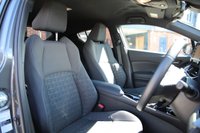 USED 2021 21 TOYOTA C-HR 2.0 VVT-h GPF Design SUV 5dr Petrol Hybrid CVT Euro 6 (s/s) (184 ps) 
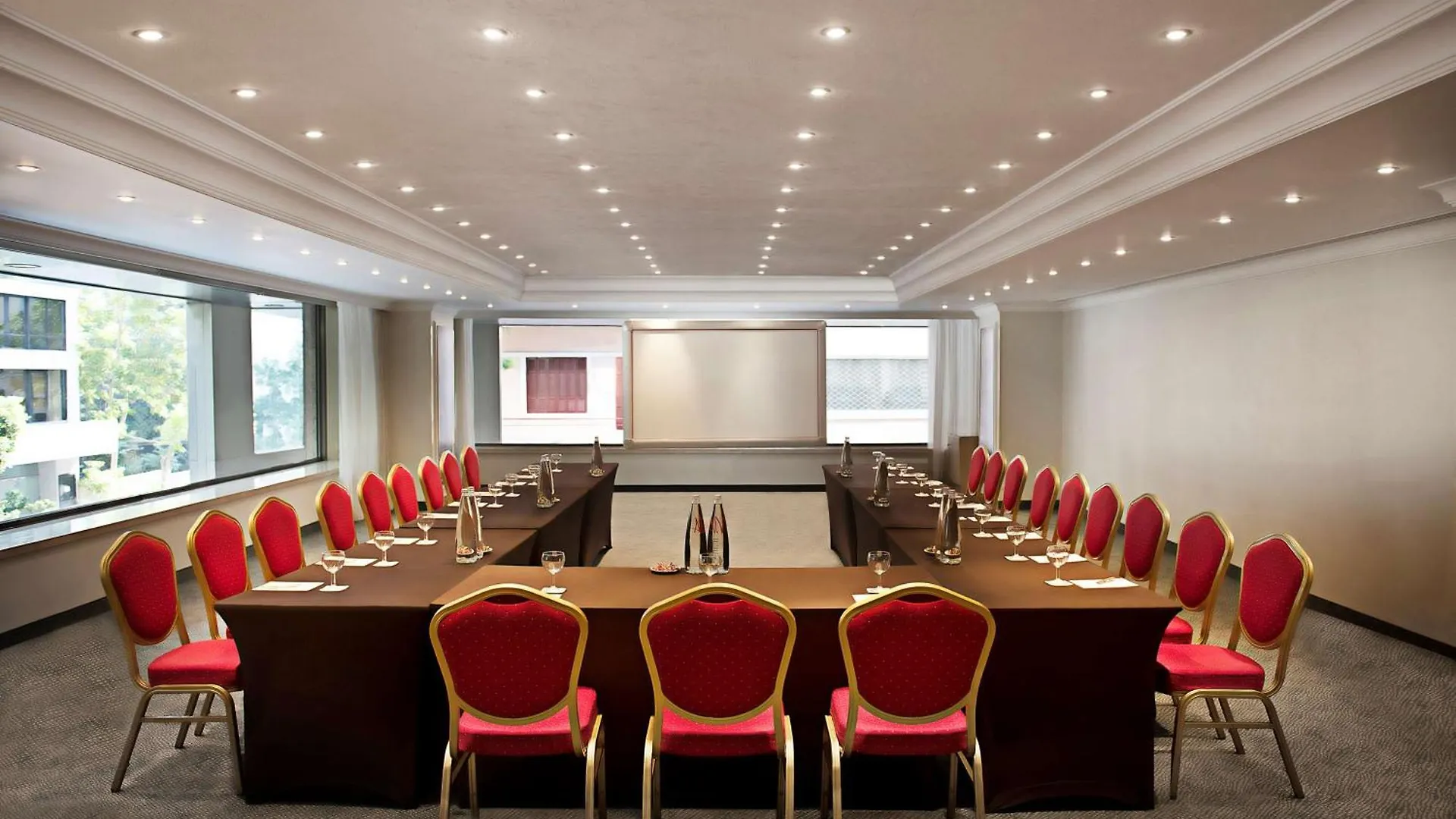 Radisson Blu Martinez Beirut Hotell 5*,  Libanon
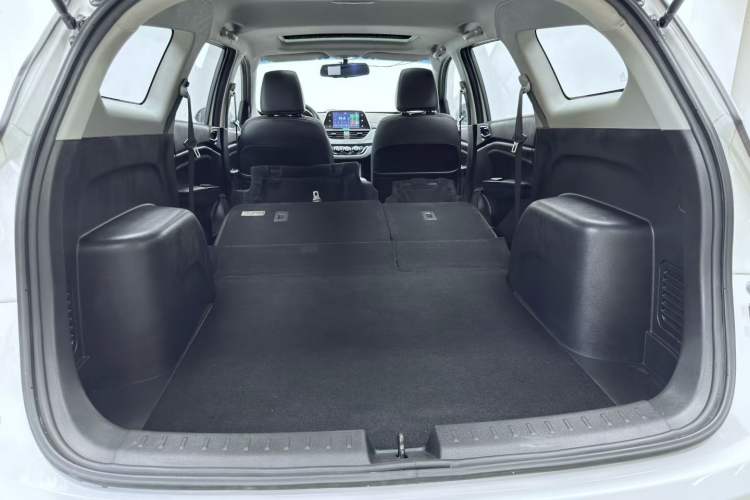 Used Baojun 310W 2018 1.5L Automatic Luxury Version China V Interior 5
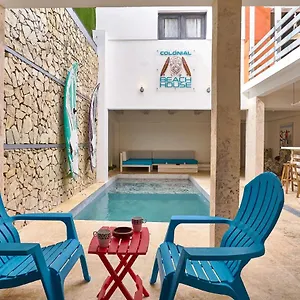 Hotel Colonial House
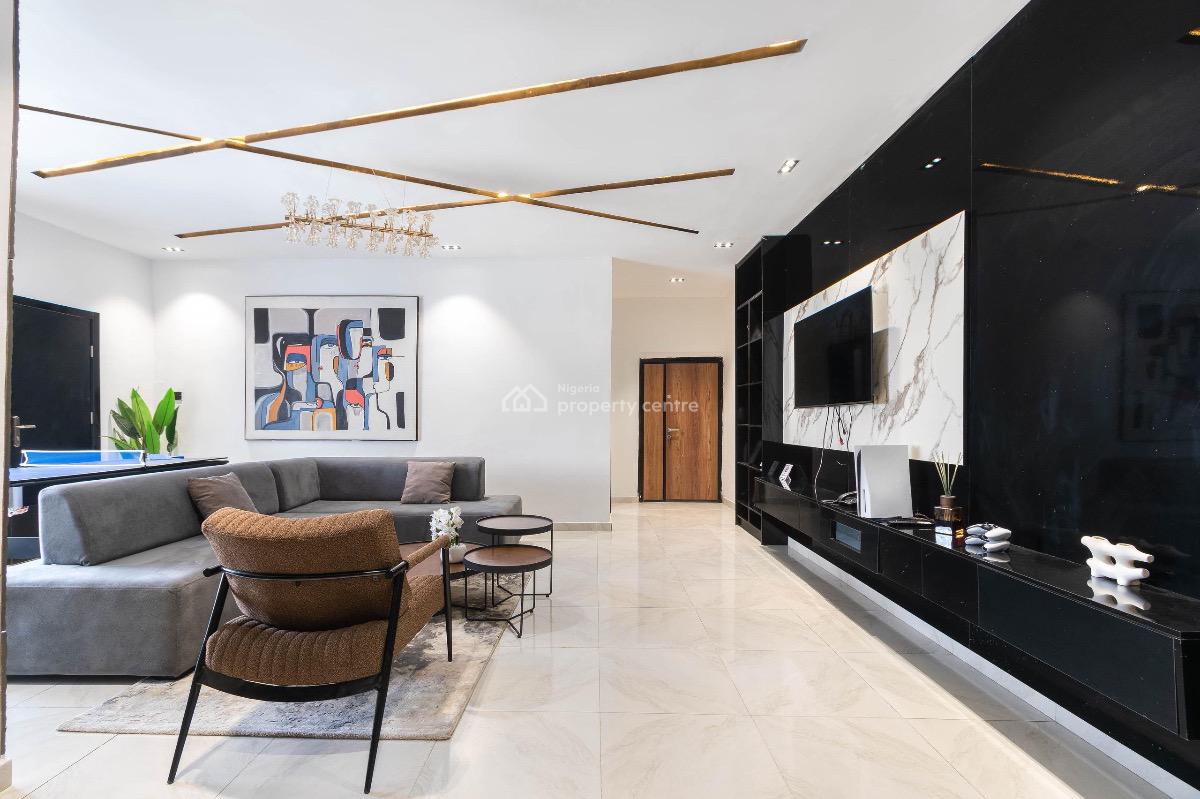 Luxury 2-bedroom Apartment with Pool, Snooker & Gym, Lekki Phase 1, Lekki, Lagos, Flat / Apartment Short Let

────────

§ WORK TO BE COMPLETED
A word-for-word copy of every entry, with the pictures left out, is the required answer.

§ RESULT OF THE EXERCISE
 USED 2021 21 TOYOTA C-HR 2.0 VVT-h GPF Design SUV 5dr Petrol Hybrid CVT Euro 6 (s/s) (184 ps) 
 Radisson Blu Martinez Beirut Hotell 5*,  Libanon
 Used Baojun 310W 2018 1.5L Automatic Luxury Version China V Interior 5
 Hotel Colonial House
 Luxury 2-bedroom Apartment with Pool, Snooker & Gym, Lekki Phase 1, Lekki, Lagos, Flat / Apartment Short Let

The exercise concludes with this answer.